Our family has been on quite a journey the past three years. We have moved five times, bouncing from three cities spanning across a six-state area in the eastern United States. During that period, I also often found myself living away from home four to five days per week.
Besides getting new licenses, reregistering cars, filing multiple tax returns, tracking down missing mail, and countless other little associated tasks, being unsettled became the new norm. This is not all bad as it really brings home how great it is to simply be home!
Sometimes, until you are without something or living on the other side of the fence, you do not really appreciate simple blessings in life. This is not to say that a traveling salesperson or professional athlete cannot find happiness while spending a great deal of time on the road, but I am guessing that, like me, they truly better appreciate the comforts of home.
For the first seven months of this journey, I lived out of a suitcase—albeit a very large one. Each week, I would pack up with the precision of a Navy Seal, fly off to Buffalo, and return home five days later. This provided a brief window to launder clothes and repeat the cycle once again.
I can distinctly recall the feeling of anticipation that would envelop me as I awaited the return flight and then the excitement that would rise within me as I drove home from the airport.

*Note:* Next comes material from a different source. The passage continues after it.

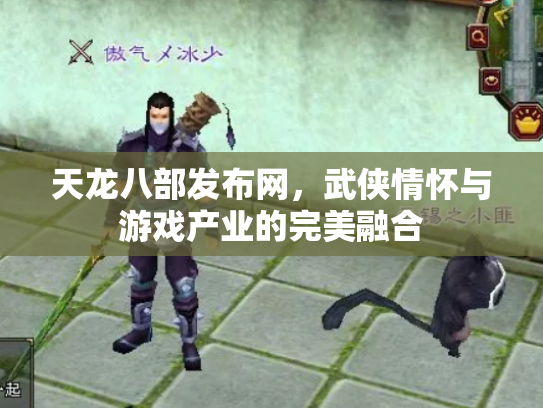 天龙八部发布网，武侠情怀与游戏产业的完美融合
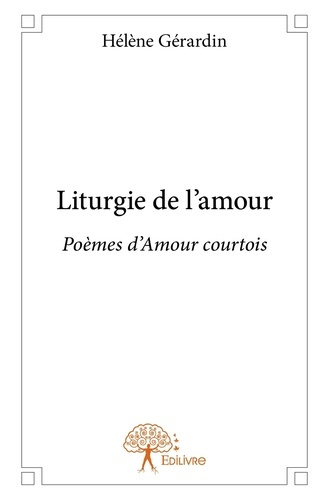 G_rardin_H_l_ne-Liturgie_de_l_amour._Po_mes_d_Amour_courtois-9782332722485_0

I was usually dead tired after a trying week, but the adrenaline pumped me up and put a bounce in my step.
It was “déjà vu all over again” when I recently performed a similar dance to another city for eight months. Although this time it was close enough to avoid air travel and a heavy parka, I would feel that same unmistakable feeling of excitement build as my car got closer to home on the three-hour drive.
Arriving home was always extra special when I was greeted at the door knowing that “absence makes the heart grow fonder” on both sides. Of course, it was better for me as I was regaining the comforts of being surrounded by our own stuff and sleeping in my own bed.
As a famous fictional character in red shoes once proclaimed, there is truly “no place like home.”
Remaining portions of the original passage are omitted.